▸ **Task prompt**
Leaving out every picture, copy the lines of the material below exactly, from the line containing "Why did Siobhan" through the line containing "Funny Meme Shirt, Get".
▬▬▬
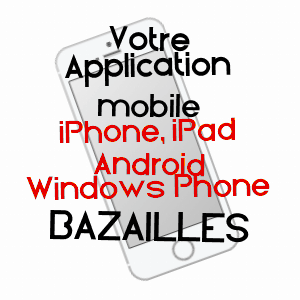 application mobile à BAZAILLES / MEURTHE-ET-MOSELLE
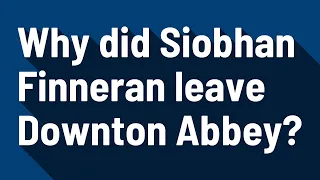 Why did Siobhan Finneran leave Downton Abbey?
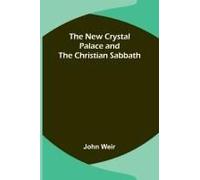 The New Crystal Palace And The Christian Sabbath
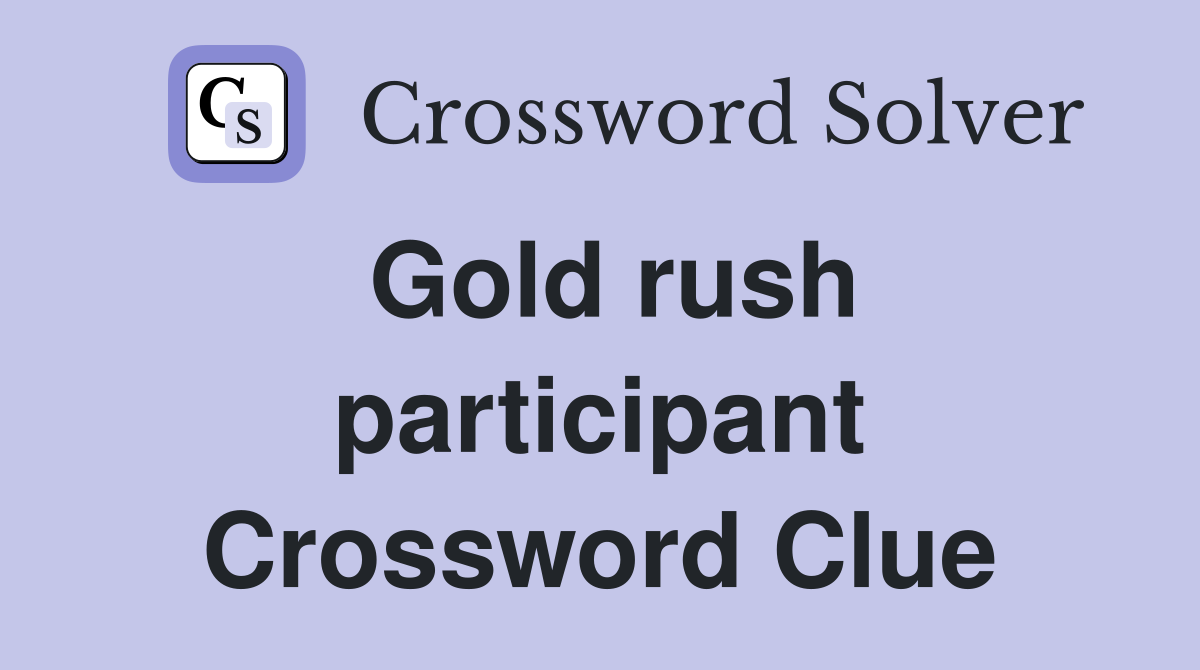 Gold rush participant Crossword Clue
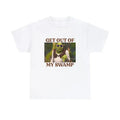 Funny Meme Shirt, Get out of my swamp Tee, Gift Unisex T-Shirt Casual Classic Hoodie, Sweatshirt | ZylaModa.com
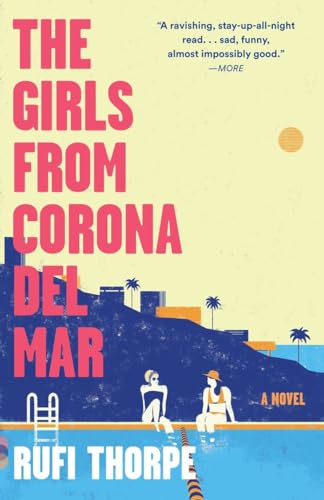 Stock image for The Girls from Corona del Mar (Vintage Contemporaries) for sale by ZBK Books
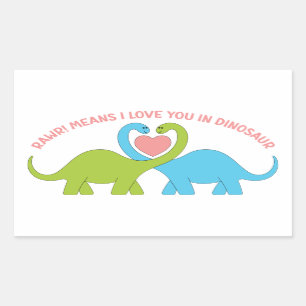 Pegatina Rectangular Rawr Significa Que Te Amo En Una Pareja Dino Cuta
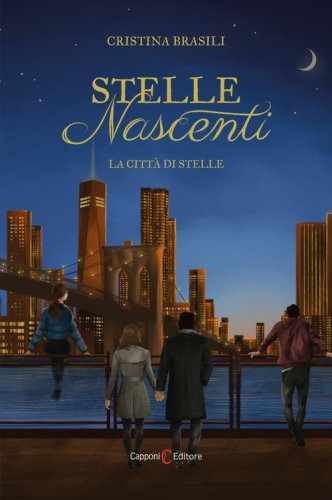 Stelle nascenti. La citt&agrave; di stelle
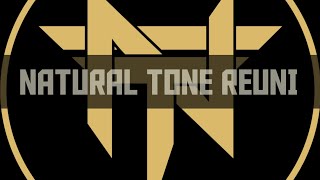 NATURAL TONE REUNI !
▬▬▬
▸ **Finished exercise**
 Why did Siobhan Finneran leave Downton Abbey?
 The New Crystal Palace And The Christian Sabbath
 Gold rush participant Crossword Clue
 Funny Meme Shirt, Get out of my swamp Tee, Gift Unisex T-Shirt Casual Classic Hoodie, Sweatshirt | ZylaModa.com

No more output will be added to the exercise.